J’habitais alors Turin, dans la petite pensione San Marco tenue par mon amie Laura. J’ai déjà parlé de cette petite pensione non loin de la gare de Porta Nuova, à deux pas du Corso Vittorio (Emmanuele, pour être complète, mais il y a aussi la « via Venti » qui est en fait la via venti settembre, et d’autres raccourcis qui épargnent la langue et activent les méninges). Deux jeunes Grecs, beaux comme les Grecs savent l’être, venaient d’y arriver aussi. Jeunes, j’ai dit. Moi je venais de passer le cap des 35 ans, et n’ai jamais rien eu d’une cougar.
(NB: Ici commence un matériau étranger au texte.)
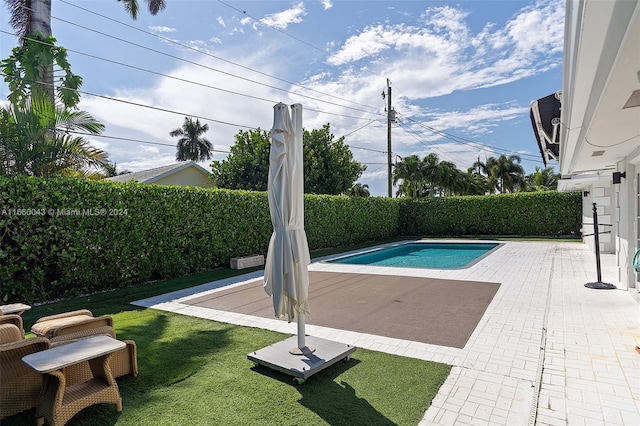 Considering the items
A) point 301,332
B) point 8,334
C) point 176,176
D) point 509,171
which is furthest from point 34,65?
point 509,171

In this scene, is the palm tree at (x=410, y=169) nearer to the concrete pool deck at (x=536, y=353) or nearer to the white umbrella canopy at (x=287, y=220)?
the concrete pool deck at (x=536, y=353)

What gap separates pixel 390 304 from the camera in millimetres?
7301

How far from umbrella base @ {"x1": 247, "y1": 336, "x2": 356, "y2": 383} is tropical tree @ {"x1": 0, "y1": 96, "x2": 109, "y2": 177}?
7.28 metres

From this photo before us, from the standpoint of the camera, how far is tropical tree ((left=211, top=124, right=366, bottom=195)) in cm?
2469

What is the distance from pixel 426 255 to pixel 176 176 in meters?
15.9

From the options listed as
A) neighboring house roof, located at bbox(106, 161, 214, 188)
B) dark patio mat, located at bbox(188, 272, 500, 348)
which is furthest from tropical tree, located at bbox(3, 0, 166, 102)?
neighboring house roof, located at bbox(106, 161, 214, 188)

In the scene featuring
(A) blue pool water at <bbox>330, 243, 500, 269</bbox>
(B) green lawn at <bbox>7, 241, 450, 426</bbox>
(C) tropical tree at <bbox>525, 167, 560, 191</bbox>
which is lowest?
(A) blue pool water at <bbox>330, 243, 500, 269</bbox>

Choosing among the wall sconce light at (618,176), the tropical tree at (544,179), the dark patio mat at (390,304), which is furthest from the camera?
the tropical tree at (544,179)

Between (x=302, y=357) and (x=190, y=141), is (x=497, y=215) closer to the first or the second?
(x=302, y=357)

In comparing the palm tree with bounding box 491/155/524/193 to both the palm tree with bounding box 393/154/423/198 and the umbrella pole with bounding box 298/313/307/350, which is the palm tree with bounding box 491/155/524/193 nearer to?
the palm tree with bounding box 393/154/423/198

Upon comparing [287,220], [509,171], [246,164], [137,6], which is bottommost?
[287,220]

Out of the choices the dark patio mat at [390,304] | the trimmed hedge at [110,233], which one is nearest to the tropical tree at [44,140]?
the trimmed hedge at [110,233]

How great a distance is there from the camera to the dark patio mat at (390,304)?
5750 mm

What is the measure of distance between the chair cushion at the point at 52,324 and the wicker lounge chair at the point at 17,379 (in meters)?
0.77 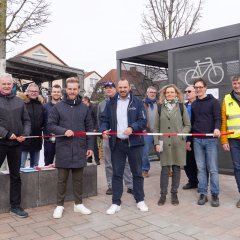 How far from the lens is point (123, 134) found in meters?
5.01

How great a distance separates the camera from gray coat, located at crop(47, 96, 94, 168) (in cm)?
494

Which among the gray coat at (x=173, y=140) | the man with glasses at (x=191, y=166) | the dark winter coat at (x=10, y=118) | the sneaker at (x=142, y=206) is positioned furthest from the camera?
the man with glasses at (x=191, y=166)

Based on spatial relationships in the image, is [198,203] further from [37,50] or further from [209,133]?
[37,50]

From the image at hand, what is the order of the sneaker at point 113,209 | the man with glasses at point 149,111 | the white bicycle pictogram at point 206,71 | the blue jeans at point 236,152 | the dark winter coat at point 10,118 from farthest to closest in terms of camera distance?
the white bicycle pictogram at point 206,71 → the man with glasses at point 149,111 → the blue jeans at point 236,152 → the sneaker at point 113,209 → the dark winter coat at point 10,118

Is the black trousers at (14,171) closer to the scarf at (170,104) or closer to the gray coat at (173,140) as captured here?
the gray coat at (173,140)

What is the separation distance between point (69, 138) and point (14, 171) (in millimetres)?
886

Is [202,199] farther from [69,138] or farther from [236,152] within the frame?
[69,138]

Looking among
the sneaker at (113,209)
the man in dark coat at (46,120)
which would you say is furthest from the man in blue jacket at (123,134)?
the man in dark coat at (46,120)

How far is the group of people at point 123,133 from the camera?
16.2ft

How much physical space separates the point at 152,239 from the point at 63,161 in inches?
63.3

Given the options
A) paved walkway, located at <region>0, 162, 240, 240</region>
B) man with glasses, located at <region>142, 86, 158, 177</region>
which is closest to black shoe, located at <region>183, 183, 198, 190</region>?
paved walkway, located at <region>0, 162, 240, 240</region>

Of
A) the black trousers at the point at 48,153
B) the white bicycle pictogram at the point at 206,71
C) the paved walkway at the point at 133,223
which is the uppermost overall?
the white bicycle pictogram at the point at 206,71

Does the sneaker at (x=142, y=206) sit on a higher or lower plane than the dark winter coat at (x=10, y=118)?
lower

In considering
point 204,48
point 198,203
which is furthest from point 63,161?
point 204,48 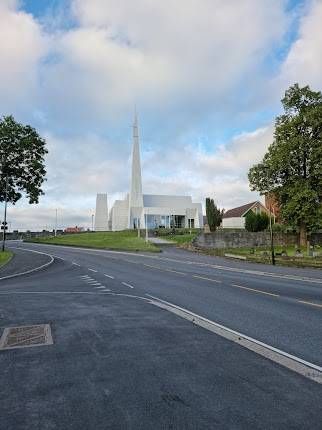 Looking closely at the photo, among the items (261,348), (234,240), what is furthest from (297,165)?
(261,348)

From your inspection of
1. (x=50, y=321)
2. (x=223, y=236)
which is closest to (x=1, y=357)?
(x=50, y=321)

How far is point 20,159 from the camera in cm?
3850

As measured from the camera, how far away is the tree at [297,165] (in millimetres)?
43625

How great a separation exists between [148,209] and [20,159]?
44554 mm

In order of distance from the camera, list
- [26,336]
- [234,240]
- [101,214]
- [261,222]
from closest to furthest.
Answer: [26,336] < [234,240] < [261,222] < [101,214]

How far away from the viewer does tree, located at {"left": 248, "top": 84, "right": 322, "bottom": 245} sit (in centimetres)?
4362

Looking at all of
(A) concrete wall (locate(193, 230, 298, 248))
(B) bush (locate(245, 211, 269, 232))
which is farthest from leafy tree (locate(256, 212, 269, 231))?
(A) concrete wall (locate(193, 230, 298, 248))

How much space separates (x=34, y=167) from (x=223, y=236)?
27.1 m

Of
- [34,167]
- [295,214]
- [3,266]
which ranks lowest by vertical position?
[3,266]

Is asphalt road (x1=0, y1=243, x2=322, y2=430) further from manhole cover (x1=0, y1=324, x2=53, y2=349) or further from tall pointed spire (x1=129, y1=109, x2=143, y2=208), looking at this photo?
tall pointed spire (x1=129, y1=109, x2=143, y2=208)

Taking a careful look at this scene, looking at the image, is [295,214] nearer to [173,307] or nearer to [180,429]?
[173,307]

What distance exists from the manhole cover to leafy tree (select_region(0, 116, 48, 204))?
32.1 meters

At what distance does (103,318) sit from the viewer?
9.31 m

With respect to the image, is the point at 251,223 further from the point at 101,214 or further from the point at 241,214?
the point at 101,214
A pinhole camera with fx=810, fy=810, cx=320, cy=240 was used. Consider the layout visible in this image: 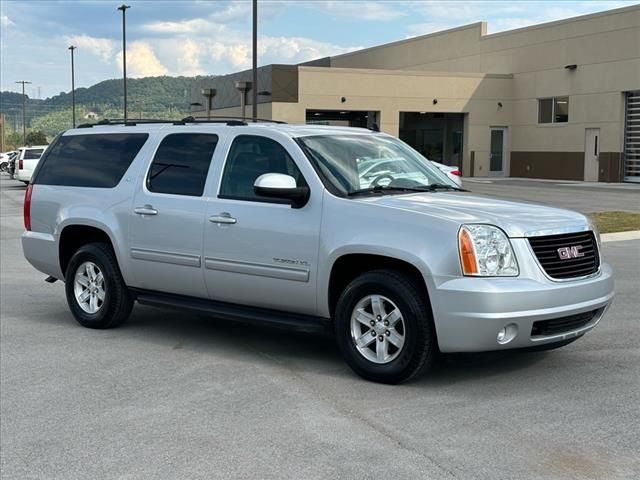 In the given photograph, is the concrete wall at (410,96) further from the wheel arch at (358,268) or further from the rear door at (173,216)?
the wheel arch at (358,268)

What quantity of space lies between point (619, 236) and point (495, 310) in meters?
11.2

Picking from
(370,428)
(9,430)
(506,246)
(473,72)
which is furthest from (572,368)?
(473,72)

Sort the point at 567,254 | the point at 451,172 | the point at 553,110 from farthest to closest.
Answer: the point at 553,110
the point at 451,172
the point at 567,254

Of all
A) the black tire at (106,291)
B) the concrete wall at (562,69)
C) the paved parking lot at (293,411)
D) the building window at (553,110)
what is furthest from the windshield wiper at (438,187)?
the building window at (553,110)

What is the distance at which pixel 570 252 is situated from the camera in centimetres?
566

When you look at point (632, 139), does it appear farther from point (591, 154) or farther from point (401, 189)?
point (401, 189)

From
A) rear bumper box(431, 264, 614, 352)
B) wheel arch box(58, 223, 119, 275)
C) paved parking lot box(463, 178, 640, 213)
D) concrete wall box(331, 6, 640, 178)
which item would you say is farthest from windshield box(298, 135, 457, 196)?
concrete wall box(331, 6, 640, 178)

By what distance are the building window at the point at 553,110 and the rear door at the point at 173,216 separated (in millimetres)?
35816

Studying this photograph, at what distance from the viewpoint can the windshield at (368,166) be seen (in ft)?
20.4

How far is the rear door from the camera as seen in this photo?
6812 mm

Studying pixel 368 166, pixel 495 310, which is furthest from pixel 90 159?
pixel 495 310

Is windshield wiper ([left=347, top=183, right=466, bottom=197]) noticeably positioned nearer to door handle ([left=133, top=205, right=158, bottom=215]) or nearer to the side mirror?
the side mirror

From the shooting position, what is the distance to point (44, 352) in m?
6.91

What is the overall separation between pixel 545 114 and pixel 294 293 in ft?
124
Bref, ils étaient grands, bien bâtis, la musculature naturelle et souple, entraient et sortaient toujours ensemble, et j’aimais entendre le débit mitraillant de leur belle langue. Takataka parapolly pou pàs i pou pame mazi? Un jour j’ai réagi à ce qu’ils disaient … Je ne sais plus ce que c’était, rien de grossier en tout cas sinon j’aurais mal réagi, ça va de soi, et nous nous sommes mis à parler. En italien, qu’on se rassure, car de mon grec il ne me restait déjà plus que des ombres, des mots détachés ou des phrases toutes faites. Par contre, comme j’avais une écriture de gente dame – ou de Pénélope, ou de yinaika, comme on veut – en grec, tout le contraire de ma cacographie habituelle, ils m’avaient testée pour savoir si vraiment je saurais écrire leurs noms, qu’ils m’ont alors révélé. Et je savais. C’était si joli, Thalys, Lykourgos…
Non ?
Ils terminaient leurs examens avant de retourner en Grèce pour l’été. Fauchés, principalement Thalys, car Lykourgos venait d’une famille plus riche, mais plutôt que de jouer les fils à papa devant son ami, il acceptait de mettre un frein – et quel frein – dans le style de vie de ces derniers jours d’études. Moi, j’étais fauchée depuis des mois, et nous nous sommes tout d’abord échangés des adresses de restaurants ou tavole calde abordables. Et puis nous avons décidé de vivre des journées … d’avventura ! C’était Thalys qui avait présenté cette idée, et nous y avions adhéré. Chaque matin nous décidions de combien nous pouvions dépenser pour toute la journée à trois. Et c’était presque rien, croyez-moi. Mais les Grecs ne manquent jamais de ressources, et finalement, cette gageure quotidienne se déroulait dans la plus grande joie, commençant au moment-même où, sortant dans la rue Goito noyée de soleil, Thalys disait avec bonne humeur : avventura !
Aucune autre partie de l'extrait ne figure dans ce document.